***** RECORDS TO PROCESS
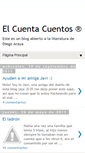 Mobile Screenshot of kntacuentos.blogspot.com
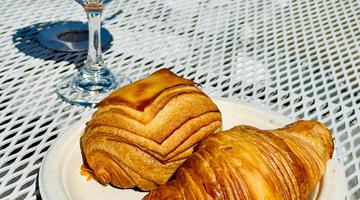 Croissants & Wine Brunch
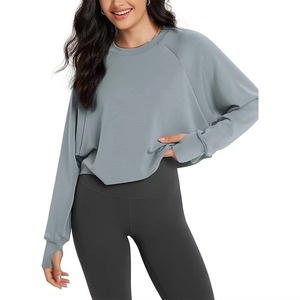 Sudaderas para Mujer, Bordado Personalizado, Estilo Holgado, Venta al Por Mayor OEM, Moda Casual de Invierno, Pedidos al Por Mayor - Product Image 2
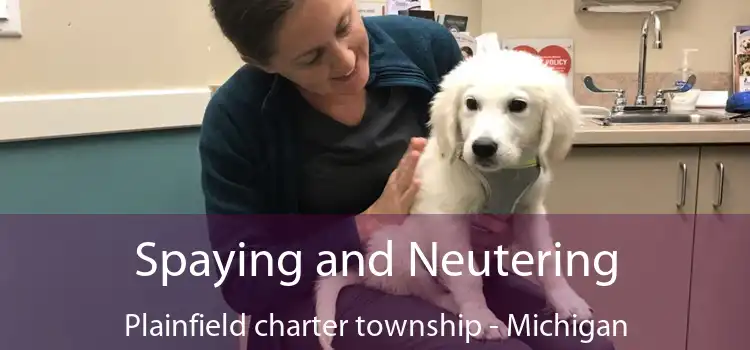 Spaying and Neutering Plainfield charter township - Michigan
**********
***** RECORDS TO PROCESS
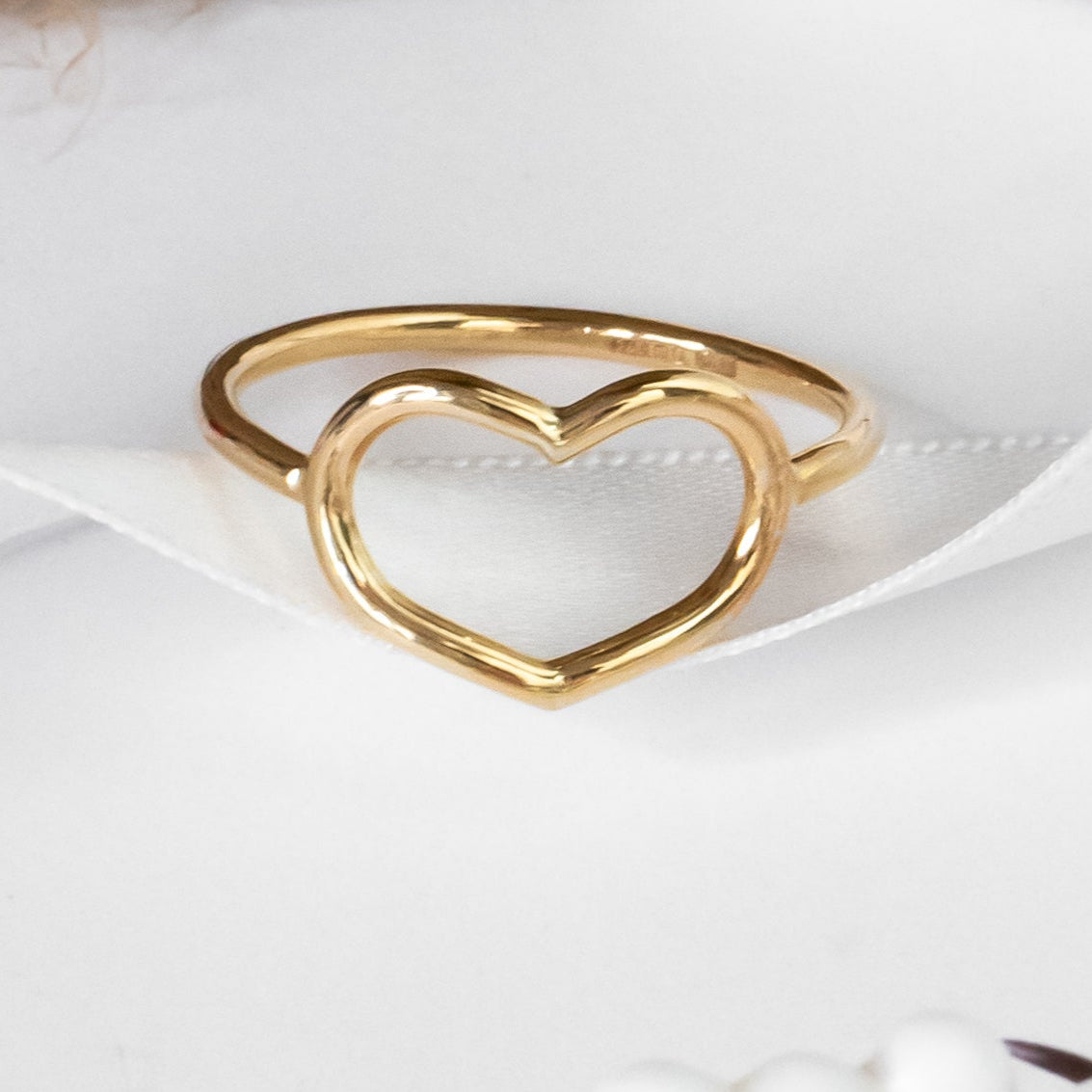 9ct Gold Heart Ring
**********
***** RECORDS TO PROCESS
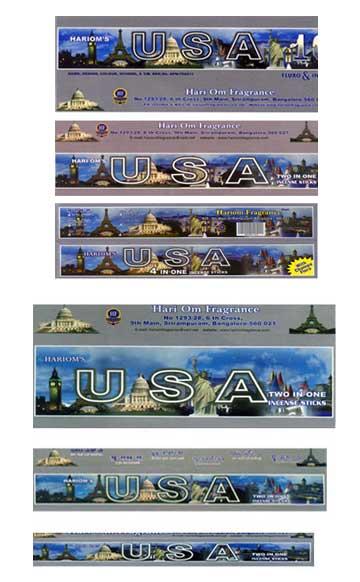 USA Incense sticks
**********
## AIM OF THE EXERCISE
Would you please repeat only the lines above, beginning at the one that has "Croissants & Wine Brunch" and stopping after the one that has "Spaying and Neutering", exactly and with no pictures?

## EXERCISE RESULT
 Croissants & Wine Brunch
 Sudaderas para Mujer, Bordado Personalizado, Estilo Holgado, Venta al Por Mayor OEM, Moda Casual de Invierno, Pedidos al Por Mayor - Product Image 2
 Spaying and Neutering Plainfield charter township - Michigan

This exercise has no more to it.